### YOUR OBJECTIVE:
Everything from the opening line of the listing below to the line that has "beta Tubulin Antibody", inclusive, should be returned exactly, except the pictures.

### DATASET RECORDS:
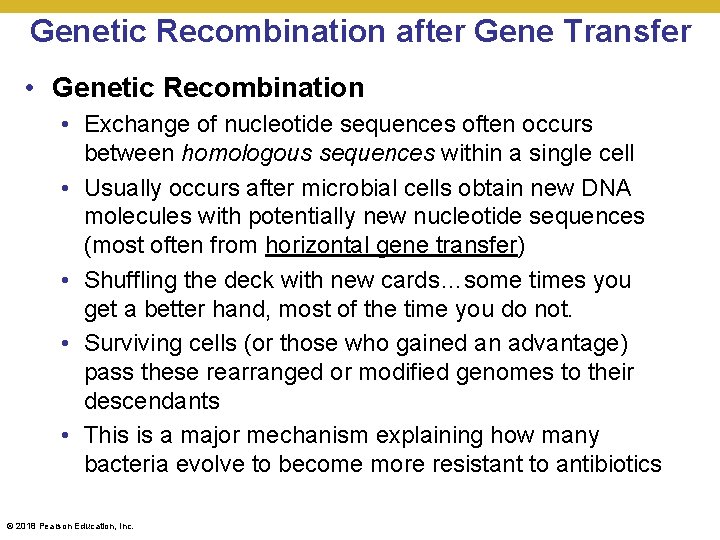 Genetic Recombination after Gene Transfer • Genetic Recombination • Exchange of nucleotide sequences often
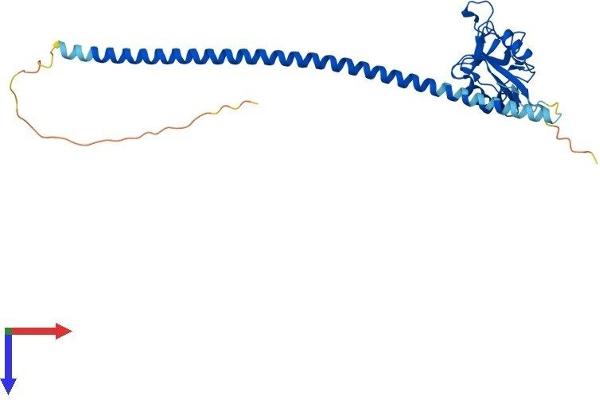 Asialoglycoprotein Receptor 1 Protein (ASGR1) (AA 1-291) (His tag)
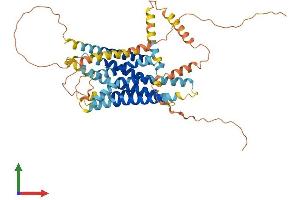 AlphaFold protein structure predicition of Human Recombinant GPR135 Protein, UniprotID Q8IZ08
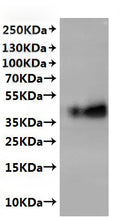 CSB-MP004844MO(A4) is detected by Mouse anti-6*His monoclonal antibody.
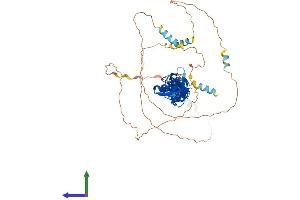 Protein Structure (PS) image for Paxillin (PXN) (AA 1-591) protein (His tag) (ABIN7550498)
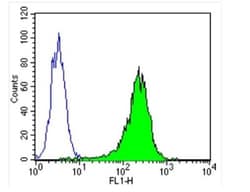 beta Tubulin Antibody (BT7R) - Azide and BSA Free, Novus Biologicals:Antibodies:Primary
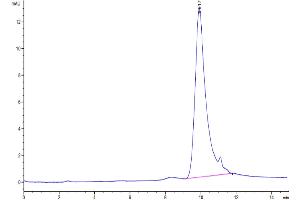 The purity of Biotinylated Cynomolgus TSLP is greater than 95 % as determined by SEC-HPLC. (Thymic Stromal Lymphopoietin Protein (TSLP) (AA 29-159) (His tag,Biotin))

### EXPECTED ANSWER:
 Genetic Recombination after Gene Transfer • Genetic Recombination • Exchange of nucleotide sequences often
 Asialoglycoprotein Receptor 1 Protein (ASGR1) (AA 1-291) (His tag)
 AlphaFold protein structure predicition of Human Recombinant GPR135 Protein, UniprotID Q8IZ08
 CSB-MP004844MO(A4) is detected by Mouse anti-6*His monoclonal antibody.
 Protein Structure (PS) image for Paxillin (PXN) (AA 1-591) protein (His tag) (ABIN7550498)
 beta Tubulin Antibody (BT7R) - Azide and BSA Free, Novus Biologicals:Antibodies:Primary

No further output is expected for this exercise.